Task details> Excluding pictures, what does the listing below contain from the line with "893 Cedar St, Lake Oswego, OR, 97034" up to and including the line with "Kimchi çorbası - Kore yemeği", word for word?

Provided records>

((

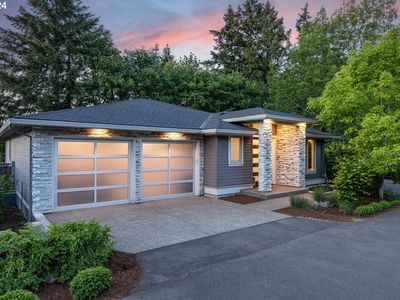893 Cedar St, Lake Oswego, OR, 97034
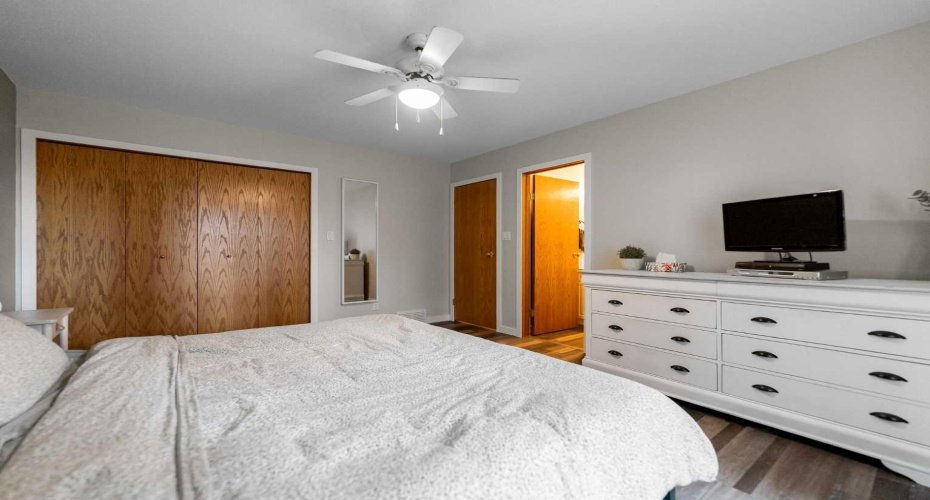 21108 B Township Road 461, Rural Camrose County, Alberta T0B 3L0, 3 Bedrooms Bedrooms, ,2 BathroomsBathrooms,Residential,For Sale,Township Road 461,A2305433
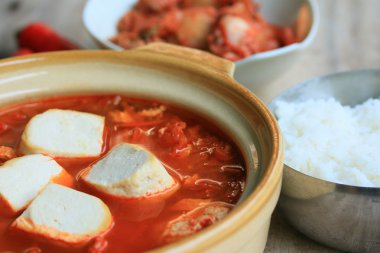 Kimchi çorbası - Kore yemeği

))
((

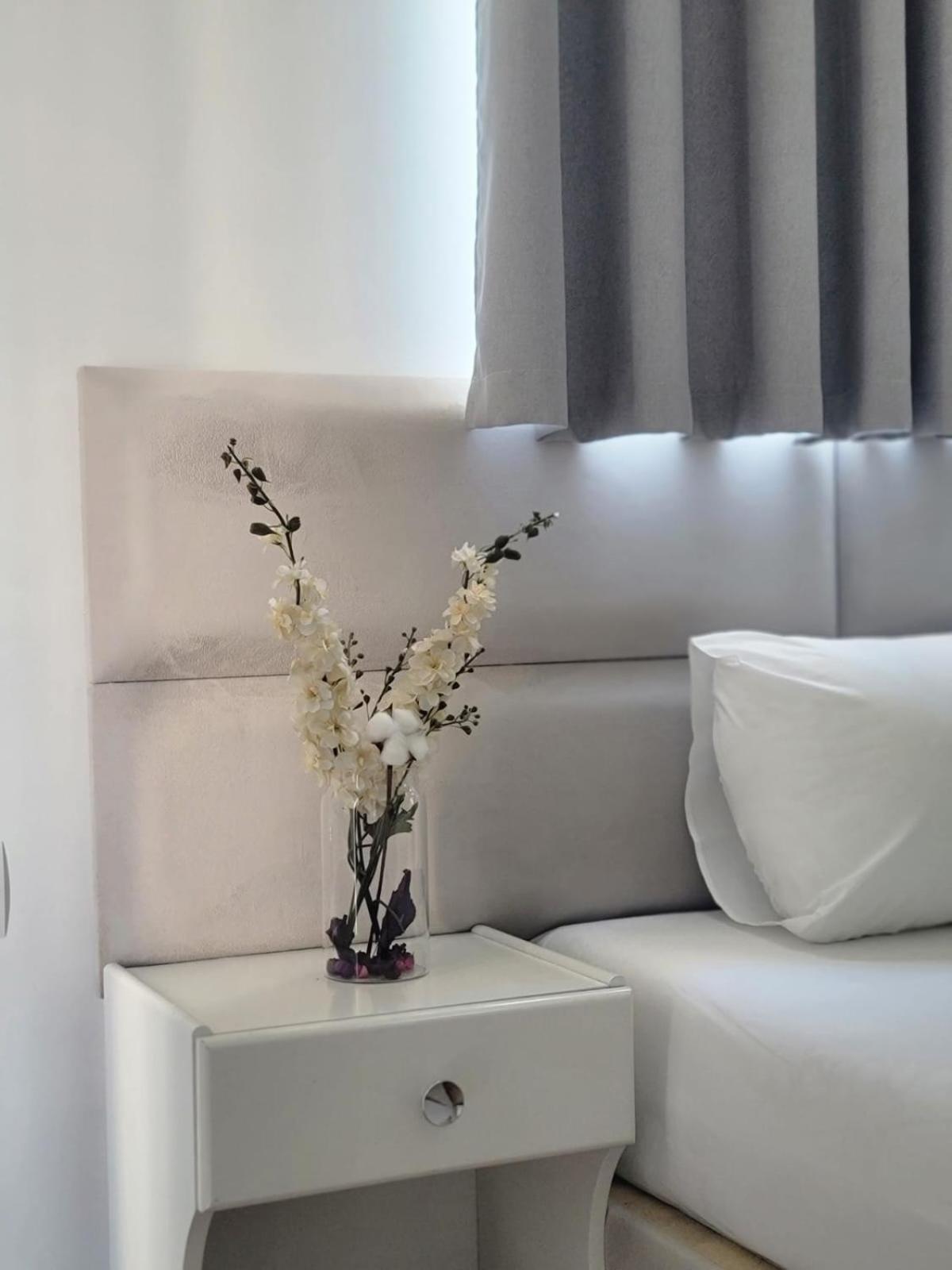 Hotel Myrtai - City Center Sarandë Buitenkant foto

))

The answer>
893 Cedar St, Lake Oswego, OR, 97034
 21108 B Township Road 461, Rural Camrose County, Alberta T0B 3L0, 3 Bedrooms Bedrooms, ,2 BathroomsBathrooms,Residential,For Sale,Township Road 461,A2305433
 Kimchi çorbası - Kore yemeği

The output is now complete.